La práctica mostró que hay dos G-20, dividido en dos mitades. Un G-10, que en la jerga argentina podría nominarse como «Grupo A», liderado por EE UU y nutrido por el Reino Unido, Francia, Alemania, Italia, Japón y Canadá, etc. Este sector es el responsable mayor de que la crisis económica global no tenga arreglo, y peor aún, fomenta, sobre todo EE UU, otra abyecta agresión militar, en la ocasión contra Siria.
En ese G-10 no debería permanecer la Argentina, pues no aceptó su pedido de condenar los «fondos buitres» e insistió en la apertura de mercados reclamada ante la OMC. Como si esas no fueran suficientes razones, hay que decir que aquí están los británicos usurpadores de Malvinas.
En las deliberaciones en el Palacio de Constantino, de un tiempo zarista que ya fue, asomó la otra mitad del G-20, con la que el país sí debe profundizar la relación. En ese G-10 o Grupo B se ubican Rusia, China, India, Brasil, Sudáfrica y otros que nadie podrá catalogar de «pesos mosca» en la política y economía internacional.
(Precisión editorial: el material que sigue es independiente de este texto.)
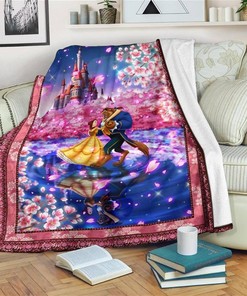 Beauty And The Beast Floral Dancing Sherpa Fleece Blanket Gifts for Family, for Couple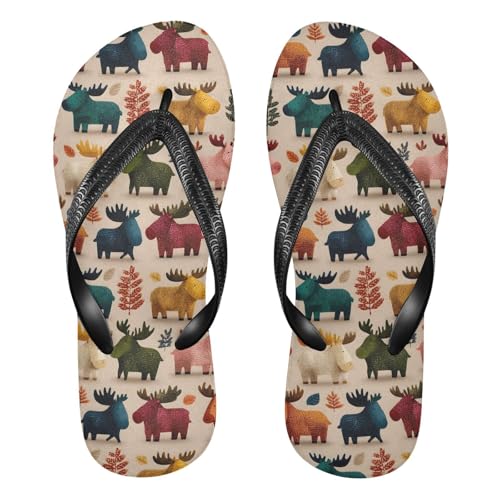 Flip Flop Sandals Cartoon Moose Print for Women Men Beach Outdoor XS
Ese bloque sí condena a los «buitres», reclama la reactivación de la economía mundial en oposición a los preceptos del FMI, rechaza la agresión a Siria y apoya a la Argentina en su sistemático reclamo por Malvinas.
Como dando pasos en esa dirección, la reunión bilateral más trascendente que mantuvo Cristina Fernández fue con el presidente chino Xi Jinping. Ella le expresó a Xi el valor que tiene para la Argentina la relación con China dado que es «el segundo socio comercial del país después de Brasil». Lo bueno es que su apreciación no se limitó a lo comercial sino que incursionó en el plano político: «es sumamente importante para nosotros el trabajo y los lazos con China a quien además de un socio importante consideramos un país amigo».
En suma, al regreso de Rusia la presidenta debería reevaluar cuál es el lugar de Argentina en el mundo. Lo mejor es el Mercosur, Unasur y Celac, donde ya está, y avanzar hacia el ALBA y la mitad rescatable o «G-10».
En cambio, el mejor sitio para Massa, Macri y De la Sota, ya se sabe, es ser súbditos del Norte, que empieza en el barrio de Palermo, cerquita de la Sociedad Rural. Allí está la embajada norteamericana, zona adonde llegarán estos días muchos manifestantes argentinos con sus reclamos por la paz en Siria y por la libertad de los 5 cubanos presos hace 15 años en EE. UU.